**INPUT RECORDS**
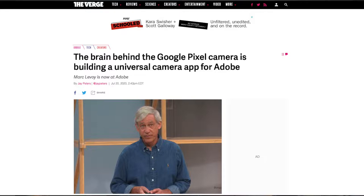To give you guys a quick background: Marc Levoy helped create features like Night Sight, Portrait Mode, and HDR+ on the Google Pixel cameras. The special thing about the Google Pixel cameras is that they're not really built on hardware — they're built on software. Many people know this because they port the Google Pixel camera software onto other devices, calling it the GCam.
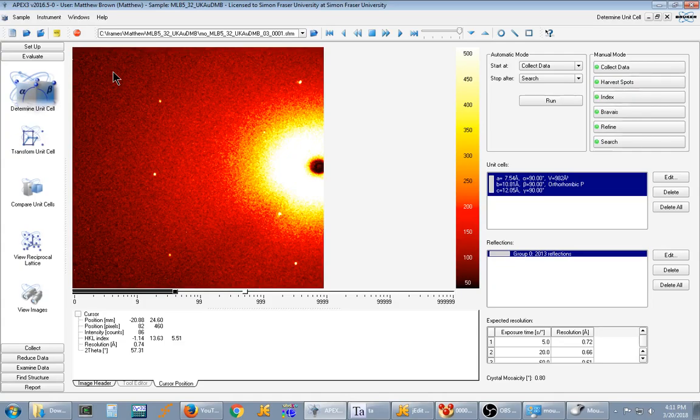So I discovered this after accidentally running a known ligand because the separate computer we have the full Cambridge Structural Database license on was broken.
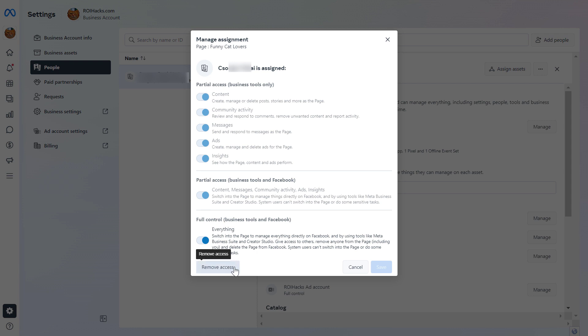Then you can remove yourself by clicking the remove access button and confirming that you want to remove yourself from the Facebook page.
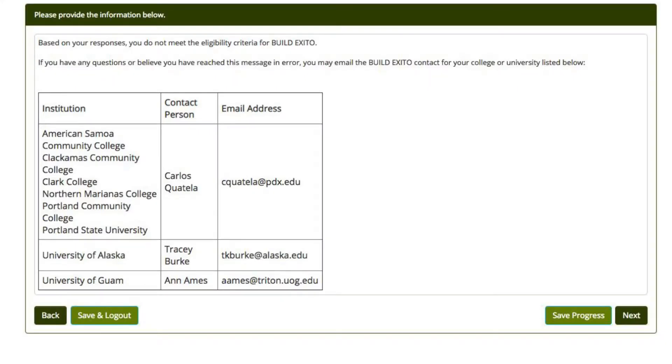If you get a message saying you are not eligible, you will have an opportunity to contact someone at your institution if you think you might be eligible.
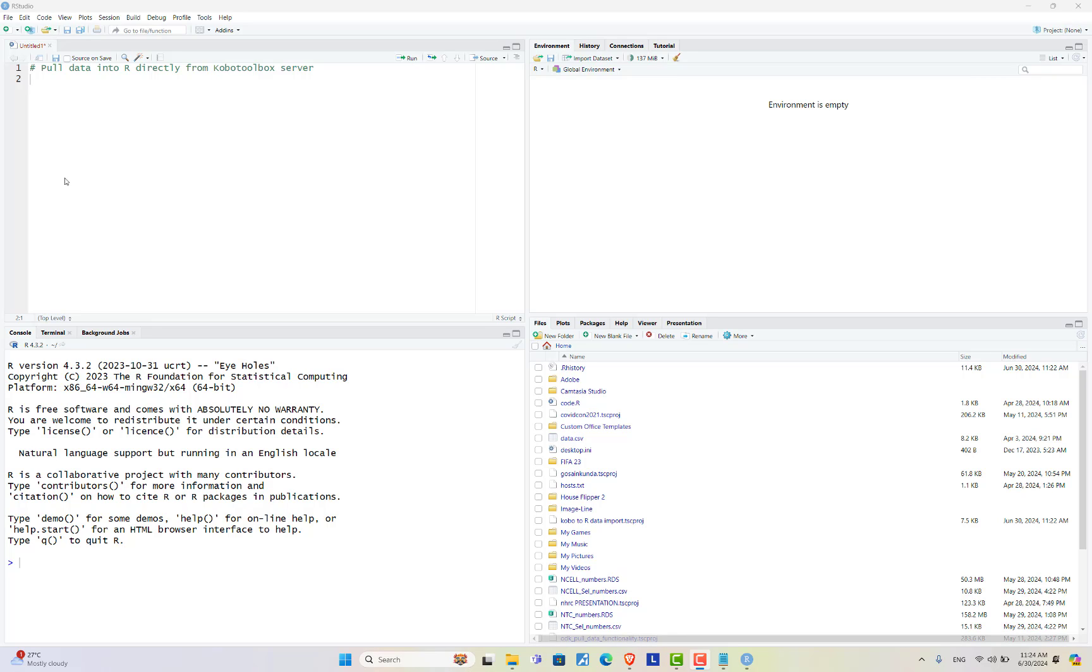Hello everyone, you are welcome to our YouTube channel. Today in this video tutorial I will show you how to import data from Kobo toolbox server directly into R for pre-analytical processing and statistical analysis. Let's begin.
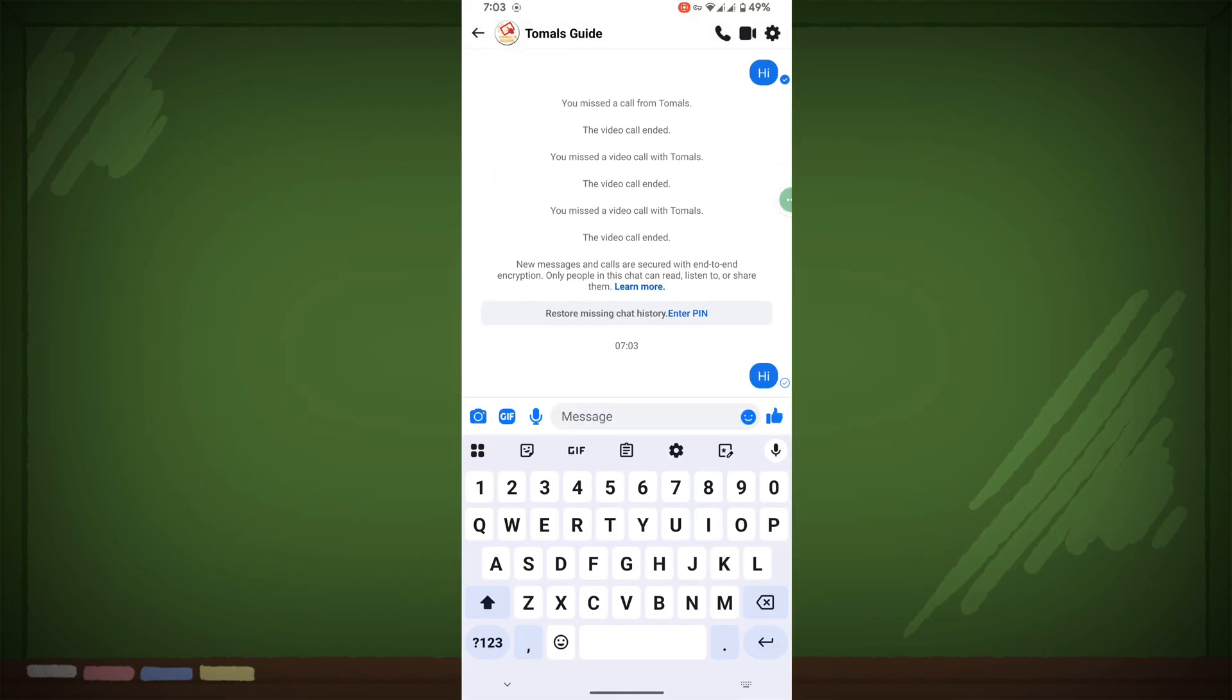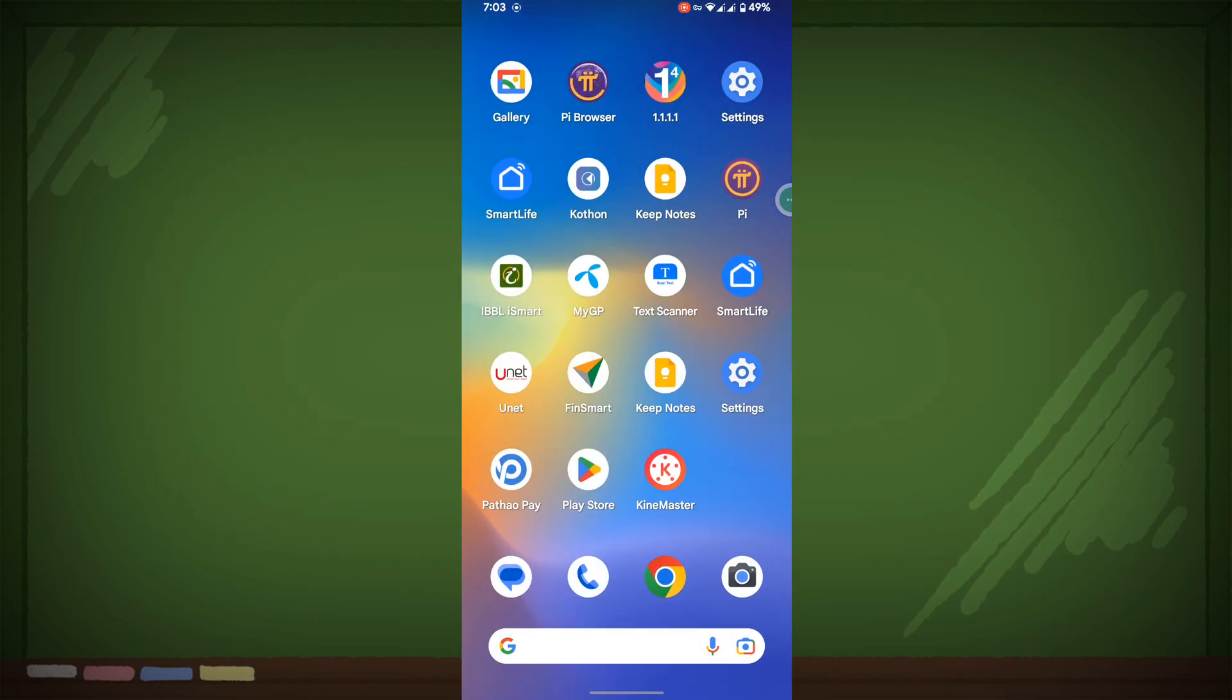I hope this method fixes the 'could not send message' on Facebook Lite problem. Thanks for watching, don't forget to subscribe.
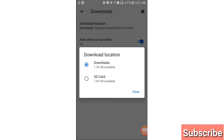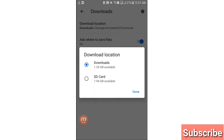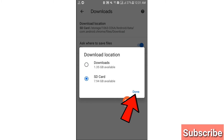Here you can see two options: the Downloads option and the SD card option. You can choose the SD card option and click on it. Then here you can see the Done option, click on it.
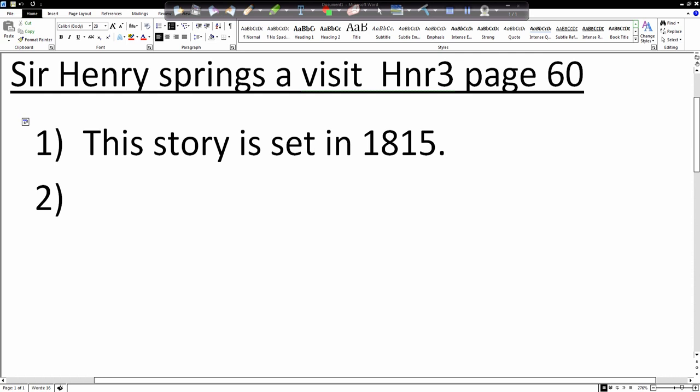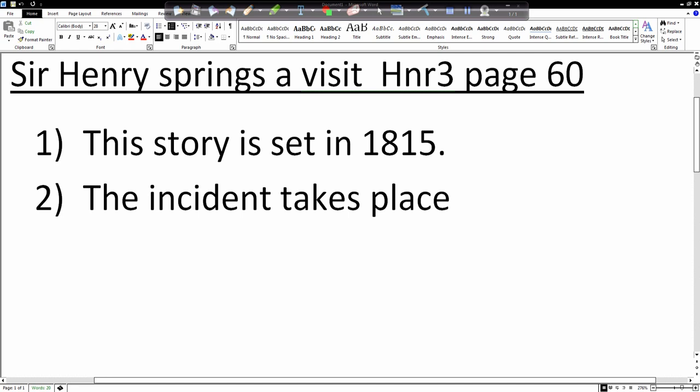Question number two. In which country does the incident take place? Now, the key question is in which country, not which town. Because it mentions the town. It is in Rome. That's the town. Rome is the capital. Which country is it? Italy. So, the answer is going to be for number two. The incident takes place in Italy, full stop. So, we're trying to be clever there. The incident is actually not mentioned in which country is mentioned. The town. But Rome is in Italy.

**INSTRUCTIONS TO FOLLOW**
Print everything from the line with "If you get a" down to the line with "Hello everyone, you" in the entries above, both lines included and nothing more, without the pictures.

**SOLUTION TO THIS TASK**
If you get a message saying you are not eligible, you will have an opportunity to contact someone at your institution if you think you might be eligible.
Hello everyone, you are welcome to our YouTube channel. Today in this video tutorial I will show you how to import data from Kobo toolbox server directly into R for pre-analytical processing and statistical analysis. Let's begin.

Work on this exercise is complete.